I am glad he is saying that. I am glad he is saying that because he is already proposing we increase our national debt by $9 trillion over the next 10 years--doubling our national debt, tripling it over 10 years, spending more over the next 10 years, three times as much as we spent in World War II--amounts that have most people in this country alarmed about the debt of this government. So this should be a straightforward discussion about costs, reducing the cost of health care to you, if you are buying health care, and reducing the cost of health care to your government, which you are responsible for.

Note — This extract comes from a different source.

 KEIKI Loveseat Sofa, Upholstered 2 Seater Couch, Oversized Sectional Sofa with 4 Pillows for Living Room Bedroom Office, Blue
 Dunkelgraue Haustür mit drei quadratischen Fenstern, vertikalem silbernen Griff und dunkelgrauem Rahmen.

So the President has done us a favor. He said do not worry about the Senate bill that came out of the HELP Committee because--in effect, he said this--it adds to the deficit, so it has to go. For the bills coming out of the House of Representatives, the Congressional Budget Office has told us it adds to the deficit in the first 10 years, and it adds to the deficit even more in the next 10 years, so it has to go.

So now we have a new bill, and it is already a 250-page--I misspoke. It is not a bill yet. It is 250 pages of concepts. It is important for the American people to understand this. I think one of the things we have all heard, as much as anything, when we have gone home is: Did you read the bill? That is a pretty good question. It is a pretty big job because we have gotten in the habit around here of coming up with 1,000-page bills that Senators and Congressmen do not read. So the American people are saying to us: At least read the bill. They are saying to us, second: At least know what it costs. So that is a bare minimum of what we should insist on as we are going forward.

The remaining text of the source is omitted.